Teori Taksonomi Bloom, yang dicetuskan oleh Benjamin S. Bloom menandai era baru pemahaman pendidikan modern dalam kerangka yang sulit diuraikan. 3 aspek penilaian digunakan secara masif dalam sistem pendidikan dunia, meliputi aspek kognitif, afektif, dan psikomotorik. Peran ranah kognitif ditonjolkan oleh bloom melalui piramida yang menyempit keatas dan didasari pada aspek Knowing (mengetahui), Understanding (mengerti), Applying (menerapkan), Sinthezing (menyimpulkan), Analyzing (menganalisis), dan yang terakhir yang paling sulit untuk diterapkan adalah evaluating (mengevaluasi) proses pembelajaran. Seperti pada umumnya pola piramida yang menyempit keatas menandakan bahwa semakin tinggi tingkatan aspek tersebut berada diatas, hanya beberapa orang saja yang dapat mengaplikasikan dan juga mengakses hal tersebut. Gerak pola pendidikan yang dinamis mengantarkan teori taksonomi Bloom pada masa kadaluarsa untuk digunakan, sehingga perlu dilakukan penyempurnaan untuk mempercantik kemasan teori serta analisis sistem pendidikan yang ada.
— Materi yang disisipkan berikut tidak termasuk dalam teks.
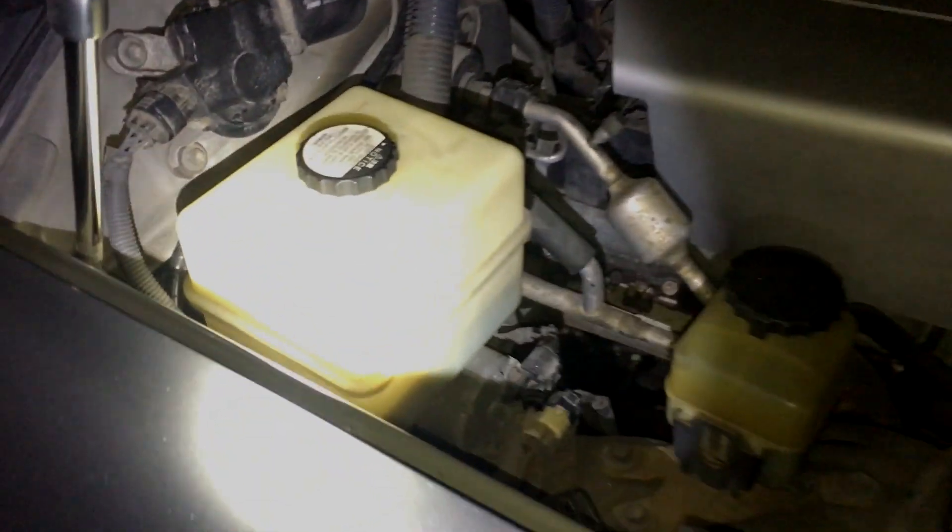This is the reservoir. You can see there's a level mark on there — there's a max and a min, and those lines are really close to each other, so there's not much room for error. You want to be between those lines when your suspension is in neutral. When you're at full height, you'll be a little bit lower than that. When you go to full low, all the fluid comes into the reservoir so it'll be a little bit higher than max. But you want to stay between the lines at neutral.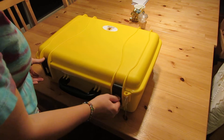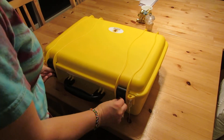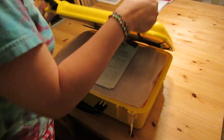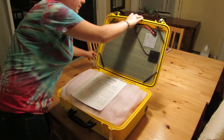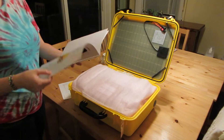You have to unlock the suitcase. I'm going to open it up — unless it was already unlocked.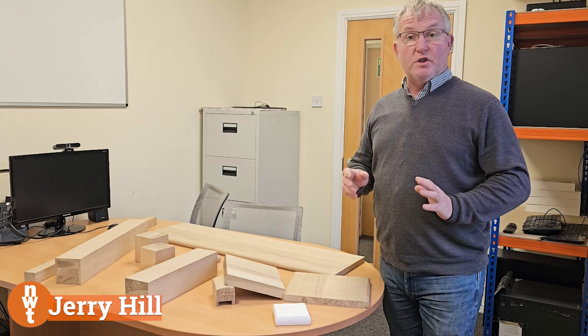Hi there, here we are at New World Timber again. Today we're going to be inside and we're just going to have a chat regarding our range of oak laminated stair parts. This can either be used for brand new staircases, or often used in a very cost effective way of doing a refurb on a staircase, so if you're just looking to replace parts of the staircase rather than the whole thing, this is very useful for you.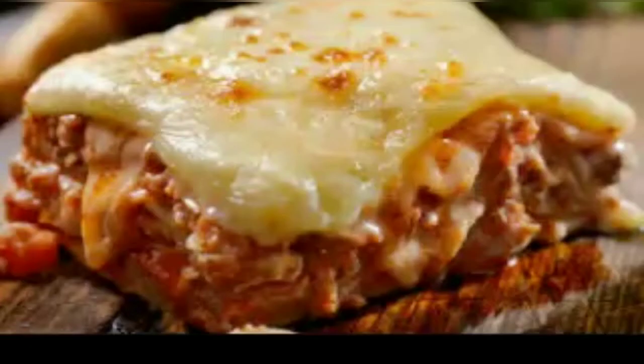Hey everyone, welcome to my channel. I'm going to be making a lasagna — I make this all the time. A lot of people think that it's complicated, too much trouble, but it's really not. It's one of the easiest recipes you could possibly make. I'm going to make a mini lasagna.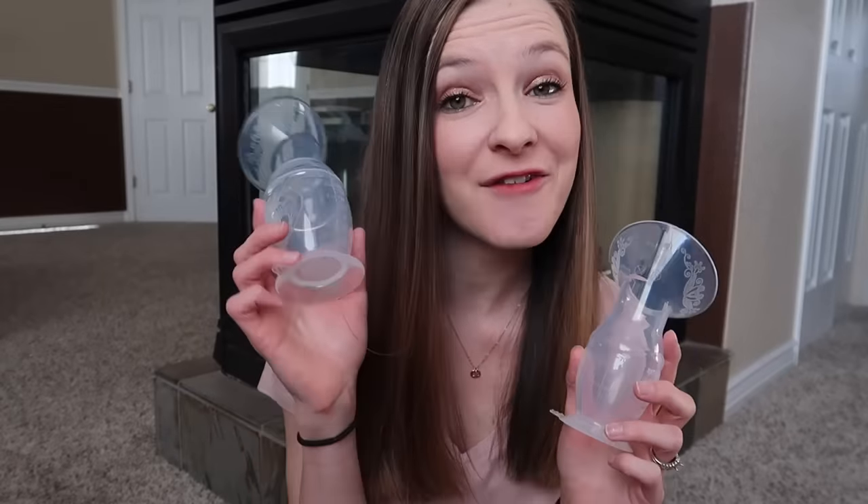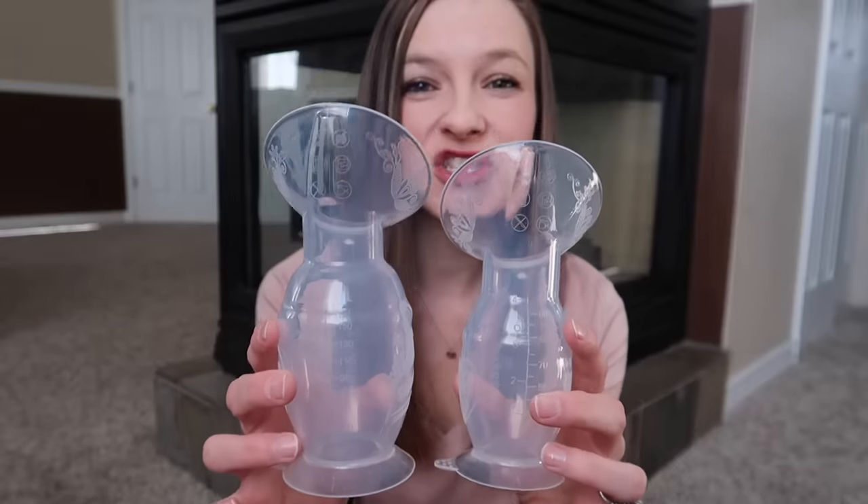There is a four ounce version of the Haakaa pump and there is also a five ounce version, which is just slightly bigger for that extra ounce. When you are done extracting the milk, it does come with a little cap that you can just pop right on there, and you can make sure that nothing is going to seep out of it if you do have to set it down somewhere while you're finishing up breastfeeding.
Analisis kurikulum 2013 yang menekankan pada aspek Attitude, Skill, and Knowledge menjadi sebuah batu pijakan bagi transformasi perpindahan arus yang dulunya mengedepankan pengetahuan ke arah ranah sikap sebagai bahan utama yang ada pada pendidikan era modern. David Krathwohl menyimpulkan bahwa: “pandai atau tidaknya seseorang tidak dapat dilihat dari luar kemasan dirinya, akan tetapi baik dan buruknya seseorang dapat dilihat dari sikapnya. Maka dari itu penting mengembangkan sikap dalam diri manusia”. Berangkat dari pernyataan tersebut, krathwohl berusaha untuk menyusun piramida ranah sikapnya sendiri yang beralaskan Accepting, responding, valuing, internalizing, organizing, actualizing, and characterizing. Spektrum penilaian yang digunakan Krathwohl jelas menandakan harus terdapat perubahan sikap setelah adanya masa pembelajaran yang kohesif.

Gagasan Bloom tidak hanya di sempurnakan oleh Krathwohl dalam pandangan Kurikulum 2013, akan tetapi ada satu lagi tokoh yang tersohor dalam melengkapi paradigma ASK. Dyers menyempurnakan paradigma ASK melalui teori skill yang memiliki aspek observing, questioning, experimenting, associating, and communicating. Aspek-aspek diatas merupakan seluruh aspek yang dibutuhkan untuk menghadapi tantangan pendidikan di abad ke-21. Apabila tidak dapat menerapkannya secara holistik, tendensi kegagalan sistem lagi-lagi dapat dilihat secara nyata. Maka dari itu diperlukan rekonstruksi ulang dalam penyiapan dan juga penyusunan kurikulum secara kompleks untuk dapat menjawab tantangan global-mondial dibandingkan hanya untuk sekedar mengganti kurikulum tapi tidak berimplikasi besar bagi kemajuan pendidikan di Indonesia.



[1]Dicky Wiranto, Islamic Studies Jurnal Vol.2 “Perspektif Historis Transformasi Kurikulum di Indonesia”, Aceh, 2014, hlm. 134.